Could you return each entry below exactly as written, minus any pictures?

SUPPLIED RECORDS section start

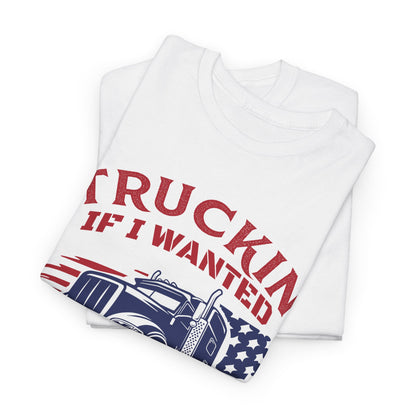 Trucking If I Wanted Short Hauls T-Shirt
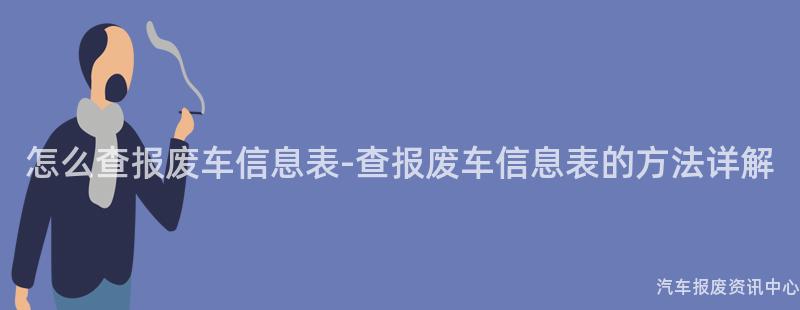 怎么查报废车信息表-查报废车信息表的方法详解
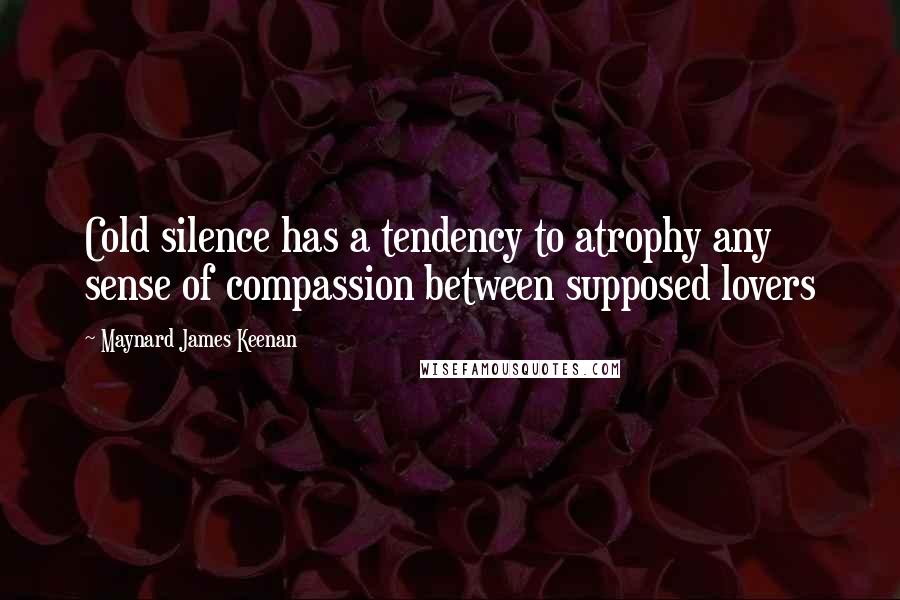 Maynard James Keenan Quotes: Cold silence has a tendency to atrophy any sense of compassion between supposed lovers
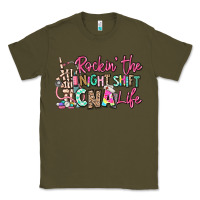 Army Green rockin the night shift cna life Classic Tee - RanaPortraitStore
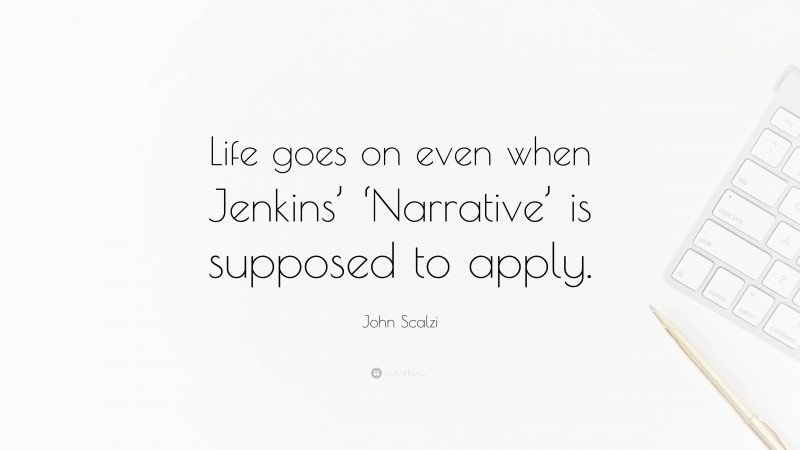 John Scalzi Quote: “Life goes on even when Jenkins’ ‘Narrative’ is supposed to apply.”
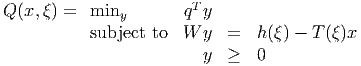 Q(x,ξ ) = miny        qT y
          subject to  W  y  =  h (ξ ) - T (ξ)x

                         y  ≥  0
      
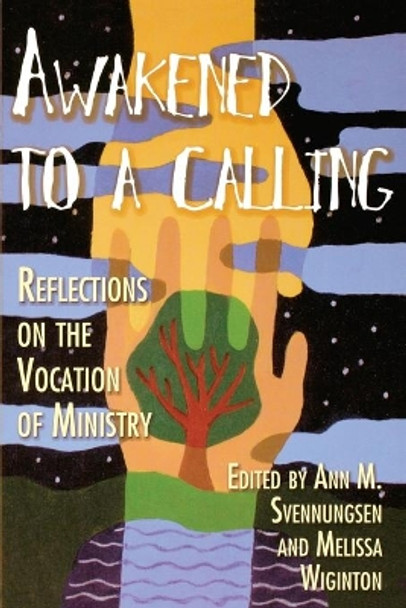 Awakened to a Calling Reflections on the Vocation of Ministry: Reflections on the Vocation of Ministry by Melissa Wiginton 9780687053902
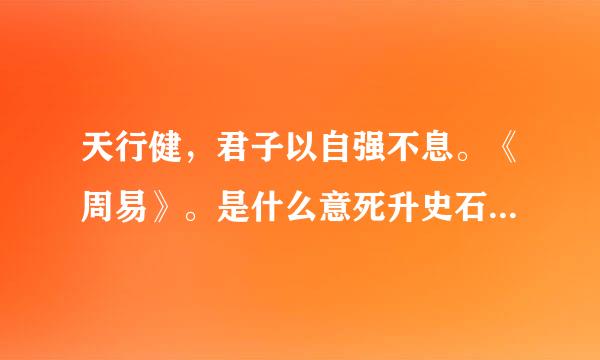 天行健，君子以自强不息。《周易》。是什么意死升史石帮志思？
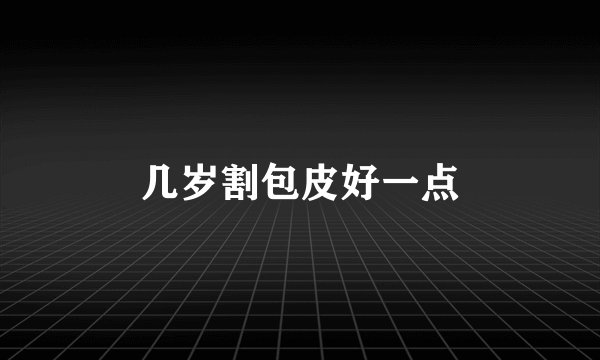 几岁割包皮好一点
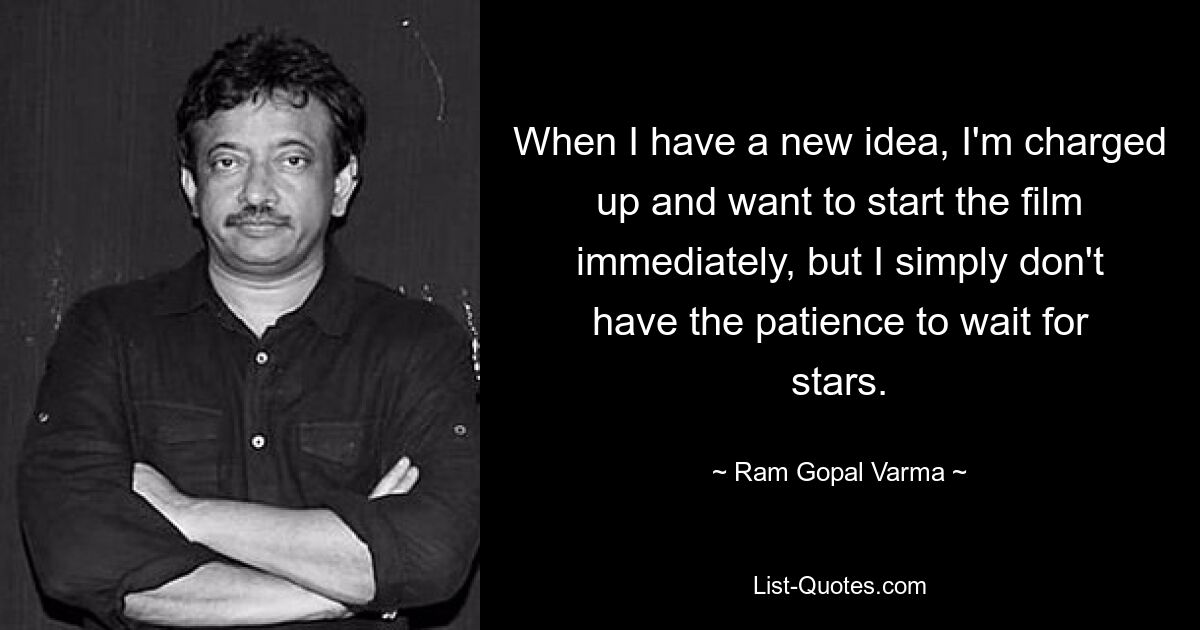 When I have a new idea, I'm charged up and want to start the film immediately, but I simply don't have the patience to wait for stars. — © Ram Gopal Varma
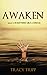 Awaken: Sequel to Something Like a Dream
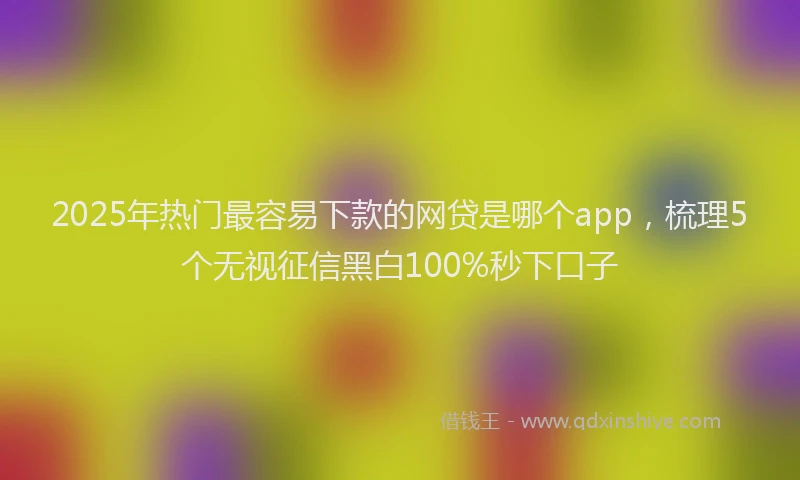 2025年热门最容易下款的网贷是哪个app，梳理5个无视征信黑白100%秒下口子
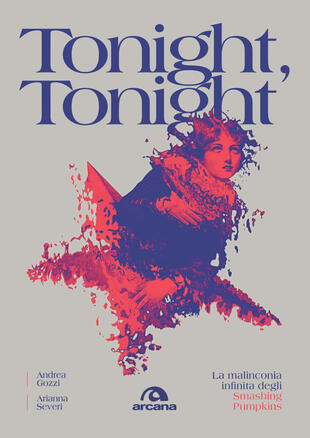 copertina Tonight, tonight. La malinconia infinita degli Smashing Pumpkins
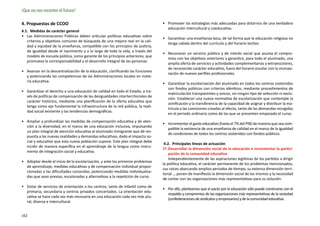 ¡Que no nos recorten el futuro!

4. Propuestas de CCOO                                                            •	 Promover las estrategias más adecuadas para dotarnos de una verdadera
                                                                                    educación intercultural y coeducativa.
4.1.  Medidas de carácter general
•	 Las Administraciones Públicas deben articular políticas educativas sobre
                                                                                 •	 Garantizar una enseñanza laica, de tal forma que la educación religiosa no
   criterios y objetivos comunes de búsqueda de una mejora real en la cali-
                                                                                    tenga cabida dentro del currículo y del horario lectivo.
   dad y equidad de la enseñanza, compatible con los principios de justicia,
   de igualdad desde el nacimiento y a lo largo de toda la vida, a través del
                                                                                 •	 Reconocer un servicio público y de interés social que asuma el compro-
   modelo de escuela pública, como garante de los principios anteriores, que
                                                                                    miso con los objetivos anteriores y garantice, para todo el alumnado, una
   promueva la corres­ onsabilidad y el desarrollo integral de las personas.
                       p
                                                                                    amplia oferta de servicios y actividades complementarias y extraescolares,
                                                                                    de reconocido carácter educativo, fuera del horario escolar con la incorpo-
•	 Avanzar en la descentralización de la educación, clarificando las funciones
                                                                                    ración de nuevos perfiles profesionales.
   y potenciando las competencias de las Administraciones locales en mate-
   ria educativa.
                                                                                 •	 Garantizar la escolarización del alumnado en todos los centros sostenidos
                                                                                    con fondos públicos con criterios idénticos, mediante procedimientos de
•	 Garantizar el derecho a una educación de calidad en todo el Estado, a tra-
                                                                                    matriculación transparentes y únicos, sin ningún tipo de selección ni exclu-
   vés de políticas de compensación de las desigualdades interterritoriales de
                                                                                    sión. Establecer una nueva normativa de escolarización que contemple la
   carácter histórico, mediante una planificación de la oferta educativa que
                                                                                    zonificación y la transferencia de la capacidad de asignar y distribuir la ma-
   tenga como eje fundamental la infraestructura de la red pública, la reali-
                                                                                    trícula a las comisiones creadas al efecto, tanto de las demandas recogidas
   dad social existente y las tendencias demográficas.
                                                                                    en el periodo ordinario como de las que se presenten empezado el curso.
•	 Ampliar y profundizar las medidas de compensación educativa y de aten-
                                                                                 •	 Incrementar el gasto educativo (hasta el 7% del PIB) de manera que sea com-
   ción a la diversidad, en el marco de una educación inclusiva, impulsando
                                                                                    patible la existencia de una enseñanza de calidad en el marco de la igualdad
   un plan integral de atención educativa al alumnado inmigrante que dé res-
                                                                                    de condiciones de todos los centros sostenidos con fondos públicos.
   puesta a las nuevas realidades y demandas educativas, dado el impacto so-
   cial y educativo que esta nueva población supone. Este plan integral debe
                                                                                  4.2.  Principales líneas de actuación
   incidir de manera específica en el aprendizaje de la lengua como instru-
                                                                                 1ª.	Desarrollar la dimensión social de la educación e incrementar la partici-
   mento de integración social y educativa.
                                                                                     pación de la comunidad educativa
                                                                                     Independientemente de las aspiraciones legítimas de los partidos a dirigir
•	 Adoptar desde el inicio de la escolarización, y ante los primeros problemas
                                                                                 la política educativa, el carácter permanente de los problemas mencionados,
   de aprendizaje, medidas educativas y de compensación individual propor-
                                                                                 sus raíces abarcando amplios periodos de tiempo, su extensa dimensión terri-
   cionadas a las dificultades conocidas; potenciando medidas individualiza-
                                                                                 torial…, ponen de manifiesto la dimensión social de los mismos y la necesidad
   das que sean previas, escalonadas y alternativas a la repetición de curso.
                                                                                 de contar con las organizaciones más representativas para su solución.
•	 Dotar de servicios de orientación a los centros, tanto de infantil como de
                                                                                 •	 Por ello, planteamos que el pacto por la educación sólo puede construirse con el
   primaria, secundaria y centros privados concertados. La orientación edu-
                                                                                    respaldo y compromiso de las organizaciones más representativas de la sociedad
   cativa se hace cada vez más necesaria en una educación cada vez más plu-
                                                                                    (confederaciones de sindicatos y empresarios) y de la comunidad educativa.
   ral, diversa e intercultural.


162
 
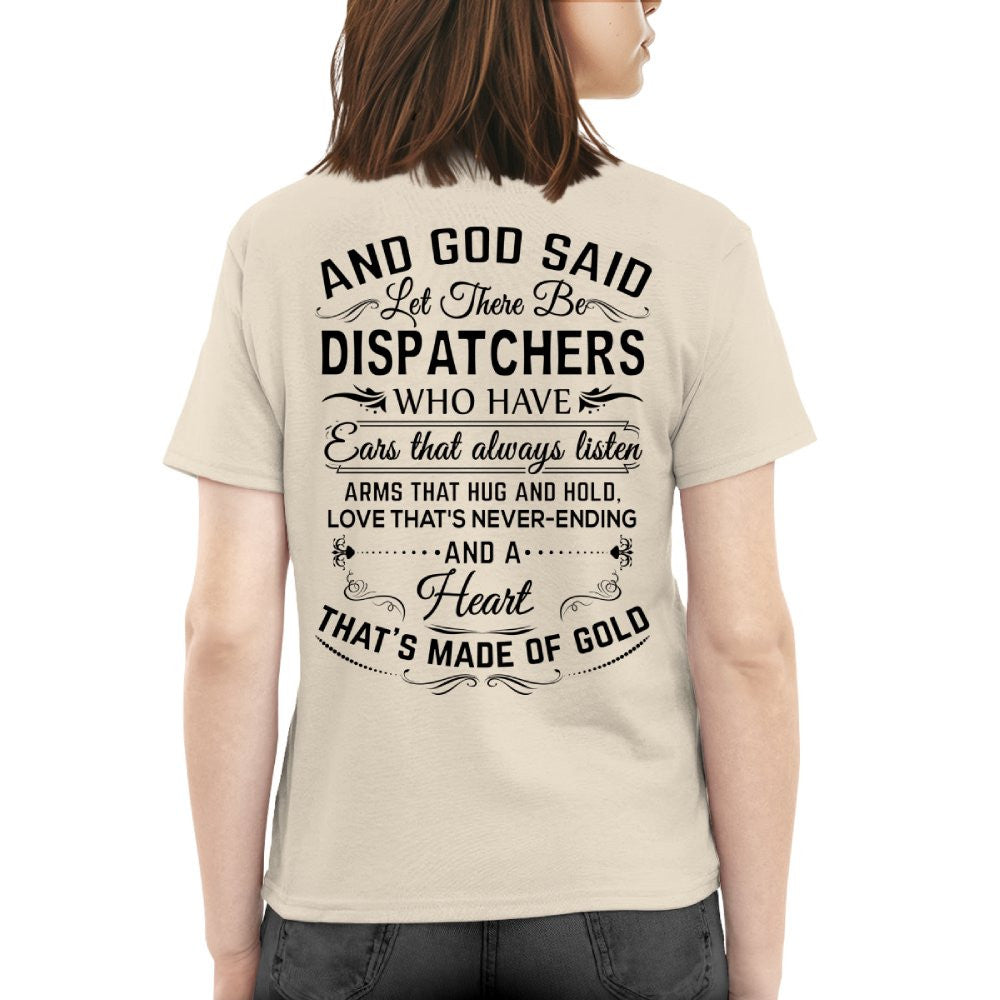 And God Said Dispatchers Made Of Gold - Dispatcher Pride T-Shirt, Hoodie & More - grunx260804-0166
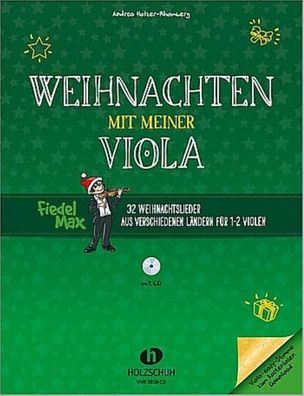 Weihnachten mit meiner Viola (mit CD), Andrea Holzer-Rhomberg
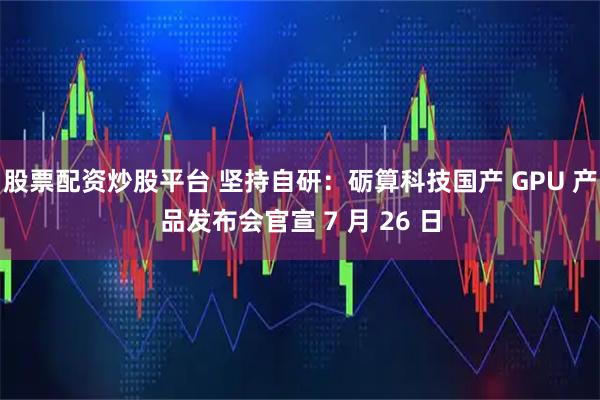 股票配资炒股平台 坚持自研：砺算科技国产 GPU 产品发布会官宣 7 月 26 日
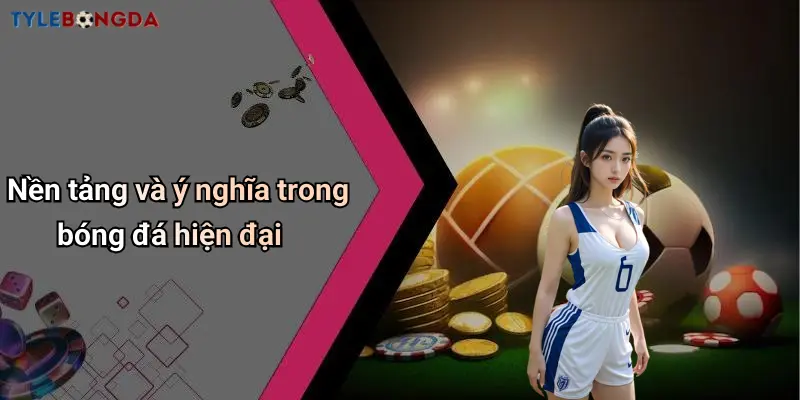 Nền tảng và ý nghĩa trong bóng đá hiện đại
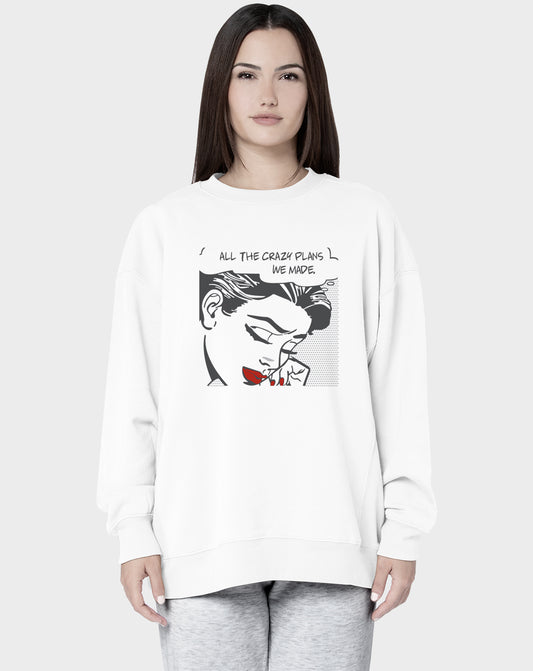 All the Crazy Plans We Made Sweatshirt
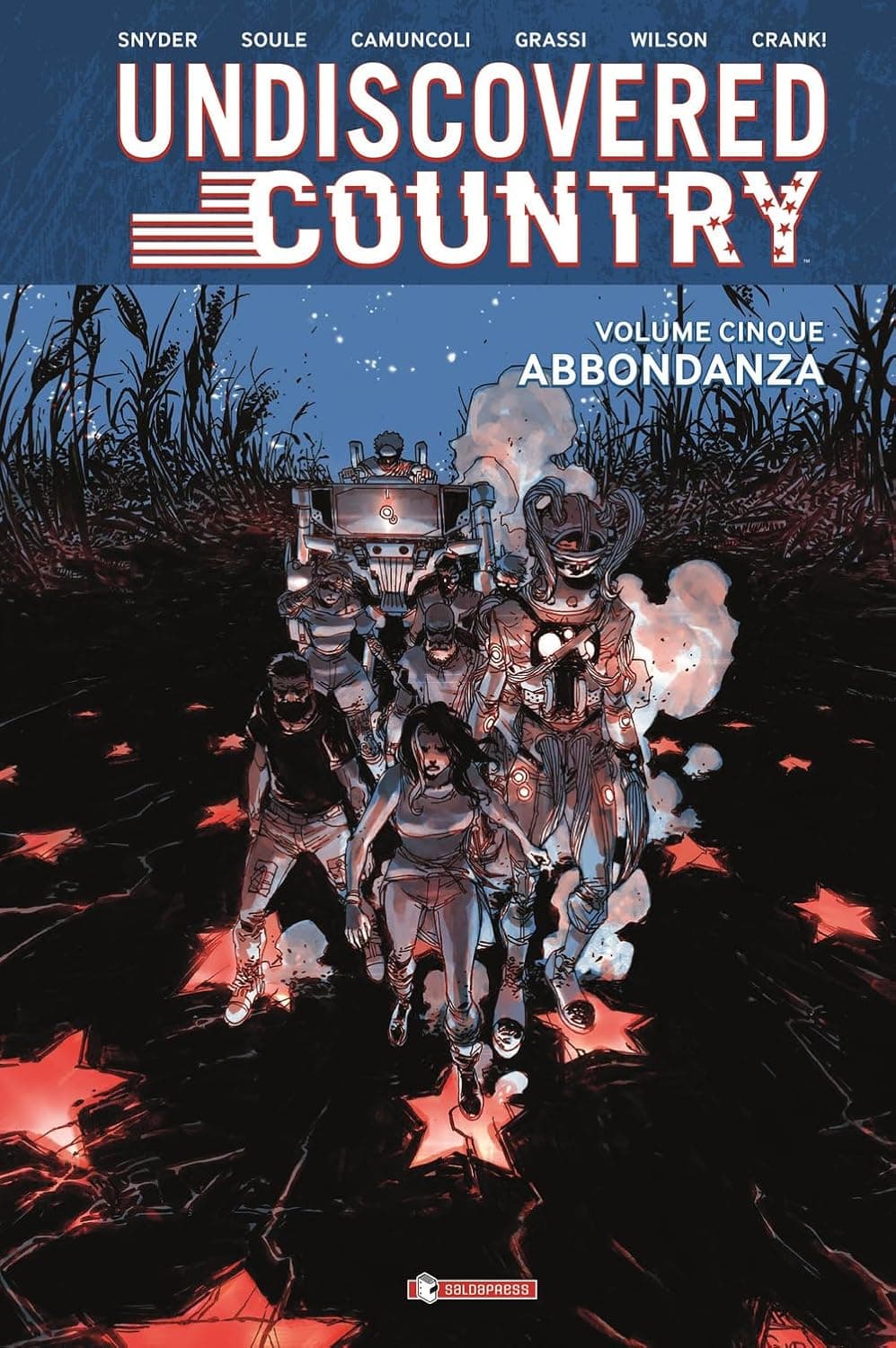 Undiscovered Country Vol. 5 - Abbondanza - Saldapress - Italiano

SUPPLIED RECORDS section end

__WRITTEN ANSWER__
 Trucking If I Wanted Short Hauls T-Shirt
 怎么查报废车信息表-查报废车信息表的方法详解
 Maynard James Keenan Quotes: Cold silence has a tendency to atrophy any sense of compassion between supposed lovers
 Army Green rockin the night shift cna life Classic Tee - RanaPortraitStore
 John Scalzi Quote: “Life goes on even when Jenkins’ ‘Narrative’ is supposed to apply.”
 Q(x,ξ ) = miny        qT y
          subject to  W  y  =  h (ξ ) - T (ξ)x

                         y  ≥  0
      
 Awakened to a Calling Reflections on the Vocation of Ministry: Reflections on the Vocation of Ministry by Melissa Wiginton 9780687053902
 天行健，君子以自强不息。《周易》。是什么意死升史石帮志思？
 几岁割包皮好一点
 When I have a new idea, I'm charged up and want to start the film immediately, but I simply don't have the patience to wait for stars. — © Ram Gopal Varma
 Awaken: Sequel to Something Like a Dream
 2025年热门最容易下款的网贷是哪个app，梳理5个无视征信黑白100%秒下口子
 copertina Tonight, tonight. La malinconia infinita degli Smashing Pumpkins
 ¡Que no nos recorten el futuro!

4. Propuestas de CCOO                                                            •	 Promover las estrategias más adecuadas para dotarnos de una verdadera
                                                                                    educación intercultural y coeducativa.
4.1.  Medidas de carácter general
•	 Las Administraciones Públicas deben articular políticas educativas sobre
                                                                                 •	 Garantizar una enseñanza laica, de tal forma que la educación religiosa no
   criterios y objetivos comunes de búsqueda de una mejora real en la cali-
                                                                                    tenga cabida dentro del currículo y del horario lectivo.
   dad y equidad de la enseñanza, compatible con los principios de justicia,
   de igualdad desde el nacimiento y a lo largo de toda la vida, a través del
                                                                                 •	 Reconocer un servicio público y de interés social que asuma el compro-
   modelo de escuela pública, como garante de los principios anteriores, que
                                                                                    miso con los objetivos anteriores y garantice, para todo el alumnado, una
   promueva la corres­ onsabilidad y el desarrollo integral de las personas.
                       p
                                                                                    amplia oferta de servicios y actividades complementarias y extraescolares,
                                                                                    de reconocido carácter educativo, fuera del horario escolar con la incorpo-
•	 Avanzar en la descentralización de la educación, clarificando las funciones
                                                                                    ración de nuevos perfiles profesionales.
   y potenciando las competencias de las Administraciones locales en mate-
   ria educativa.
                                                                                 •	 Garantizar la escolarización del alumnado en todos los centros sostenidos
                                                                                    con fondos públicos con criterios idénticos, mediante procedimientos de
•	 Garantizar el derecho a una educación de calidad en todo el Estado, a tra-
                                                                                    matriculación transparentes y únicos, sin ningún tipo de selección ni exclu-
   vés de políticas de compensación de las desigualdades interterritoriales de
                                                                                    sión. Establecer una nueva normativa de escolarización que contemple la
   carácter histórico, mediante una planificación de la oferta educativa que
                                                                                    zonificación y la transferencia de la capacidad de asignar y distribuir la ma-
   tenga como eje fundamental la infraestructura de la red pública, la reali-
                                                                                    trícula a las comisiones creadas al efecto, tanto de las demandas recogidas
   dad social existente y las tendencias demográficas.
                                                                                    en el periodo ordinario como de las que se presenten empezado el curso.
•	 Ampliar y profundizar las medidas de compensación educativa y de aten-
                                                                                 •	 Incrementar el gasto educativo (hasta el 7% del PIB) de manera que sea com-
   ción a la diversidad, en el marco de una educación inclusiva, impulsando
                                                                                    patible la existencia de una enseñanza de calidad en el marco de la igualdad
   un plan integral de atención educativa al alumnado inmigrante que dé res-
                                                                                    de condiciones de todos los centros sostenidos con fondos públicos.
   puesta a las nuevas realidades y demandas educativas, dado el impacto so-
   cial y educativo que esta nueva población supone. Este plan integral debe
                                                                                  4.2.  Principales líneas de actuación
   incidir de manera específica en el aprendizaje de la lengua como instru-
                                                                                 1ª.	Desarrollar la dimensión social de la educación e incrementar la partici-
   mento de integración social y educativa.
                                                                                     pación de la comunidad educativa
                                                                                     Independientemente de las aspiraciones legítimas de los partidos a dirigir
•	 Adoptar desde el inicio de la escolarización, y ante los primeros problemas
                                                                                 la política educativa, el carácter permanente de los problemas mencionados,
   de aprendizaje, medidas educativas y de compensación individual propor-
                                                                                 sus raíces abarcando amplios periodos de tiempo, su extensa dimensión terri-
   cionadas a las dificultades conocidas; potenciando medidas individualiza-
                                                                                 torial…, ponen de manifiesto la dimensión social de los mismos y la necesidad
   das que sean previas, escalonadas y alternativas a la repetición de curso.
                                                                                 de contar con las organizaciones más representativas para su solución.
•	 Dotar de servicios de orientación a los centros, tanto de infantil como de
                                                                                 •	 Por ello, planteamos que el pacto por la educación sólo puede construirse con el
   primaria, secundaria y centros privados concertados. La orientación edu-
                                                                                    respaldo y compromiso de las organizaciones más representativas de la sociedad
   cativa se hace cada vez más necesaria en una educación cada vez más plu-
                                                                                    (confederaciones de sindicatos y empresarios) y de la comunidad educativa.
   ral, diversa e intercultural.


162
 
 And God Said Dispatchers Made Of Gold - Dispatcher Pride T-Shirt, Hoodie & More - grunx260804-0166
 Weihnachten mit meiner Viola (mit CD), Andrea Holzer-Rhomberg
 股票配资炒股平台 坚持自研：砺算科技国产 GPU 产品发布会官宣 7 月 26 日
 Nền tảng và ý nghĩa trong bóng đá hiện đại
 All the Crazy Plans We Made Sweatshirt
 Undiscovered Country Vol. 5 - Abbondanza - Saldapress - Italiano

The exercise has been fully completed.